Tuesday, May 31, 2016

Day 31 : Casa de Luna

25 miles today
2185 miles to go

I start early. I'm not the earliest. But it's dark when I walk out the gate of Hiker Heaven. My knee feels normal. No pain as I start down the road, past by commuters heading to work. This is my work. To walk, my weekend is over I have a week of work. It's supposed to be getting hotter than its been. More desert like. I pass through town, the PCT passes through town. It's the Main Street, not a trail. I walk on the left facing the oncoming traffic. I smile and wave at the commuters as they go by. Most wave back, some don't, they haven't had their coffee yet.

A giant dropped dusty drapes. The PCT crosses them from Agua Dulce to Green Valley. Bushes, very few trees; sage, manzanita; live oak. Very similar fauna to the foothills near home. Hot, HOT! The sun blazes away, no water for twenty four miles. Five liters, is it enough? I climb following the trail as it wraps around the folds in the giant’s dusty drapes. Climbing, climbing, slowly but inexorably climbing. 

A lizard sits in the trail in front of me. It takes off down the trail away from me when I get too close. It pauses, waiting for me to catch up. Then it tears off down the trail again. It seems to be trying to prove how fast it is. It leaps off the trail in time for another to take its place. This happens over and over again. One lizard replacing the previous in a ten lizard relay race. They all celebrated after I went past. They won, they probably did push-ups together in the hot sun. “Ha, we're faster than that old thru-hiker!”

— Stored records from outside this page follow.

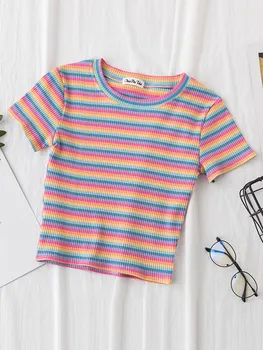 New T Shirt Women Rainbow Striped Tops Slim Fit t shirt Harajuku Tshirt Summer Short Sleeve Korean T-shirt feminina Clothes Tops 1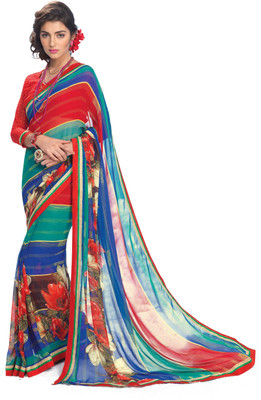 

Indianbeauty Self Design, Printed Bollywood Georgette Saree(Multicolor)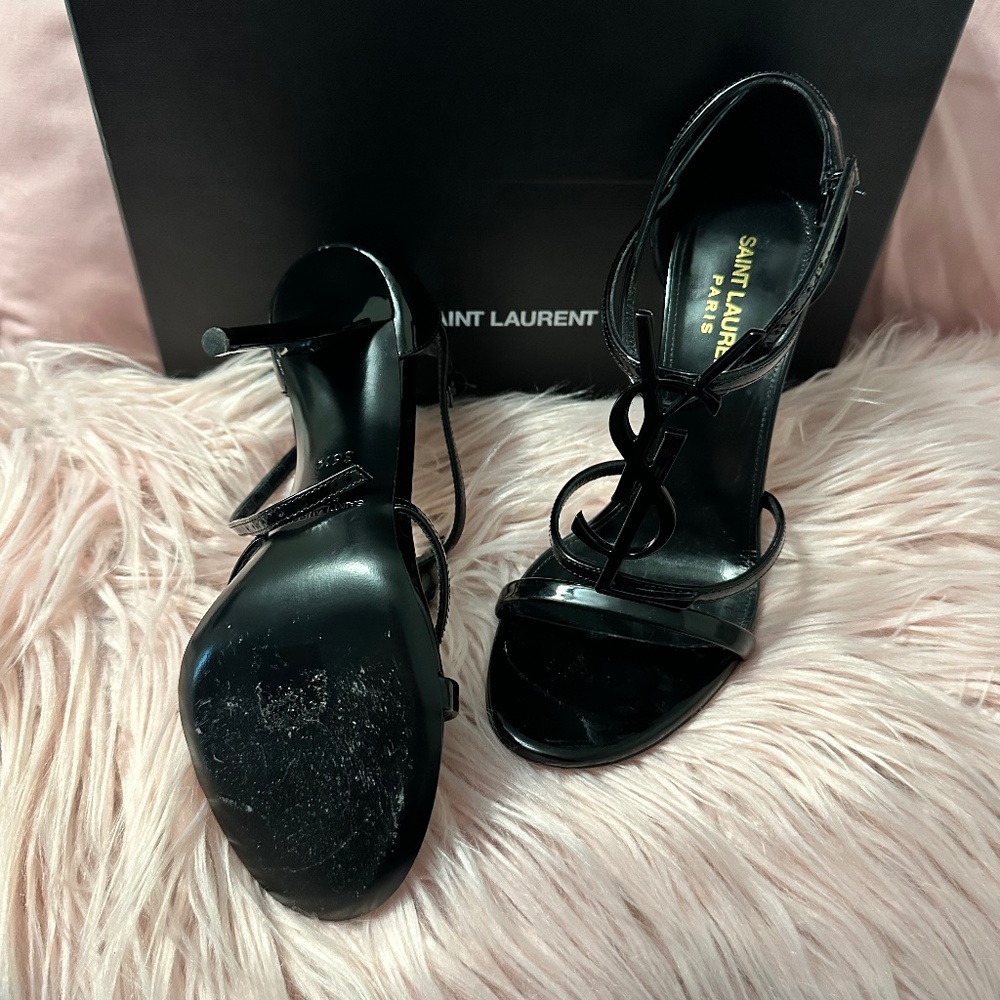 YSL Patent Ankle-Strap Sandals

I reach the top only to head down the other side of the drapes. I find the views less than satisfying. The heat continues to increase. I transition to my umbrella mode. Removing my hat and making my Buff into a headband. I know my hair sticks out the top all goofy, but it's a lot cooler. The trail is white gravel so it reflects the heat and light back up underneath my umbrella. At least I'm out of the direct sun. Time seems to slow down. It feels like I've been walking in this heat forever. The trail looks the same as it did an hour ago, or was it two, or four. Traveling in a maze of bushes that block the breezes the view doesn't change all that much. I begin to come across hikers swooning in the heat, trying to catch a little shade under some of the bigger bushes. I don't even consider stopping. I only have so much water, when it's gone I'm in trouble. By mid-afternoon I am down to a half a liter. There is a extra long stretch leading hopefully to the last pass of the day. It's miles and miles long. I take a swig of water and hold it in my mouth while trying to remember in what movie I saw that. It was a movie with a Native American Chief training his son to run a long ways and then having to spit the water into a container. I tell myself to hold out until the next turn, then the next. I end up using three swigs of water to get to the pass. It is such a wonderful refresher when I finally allow myself to swallow. 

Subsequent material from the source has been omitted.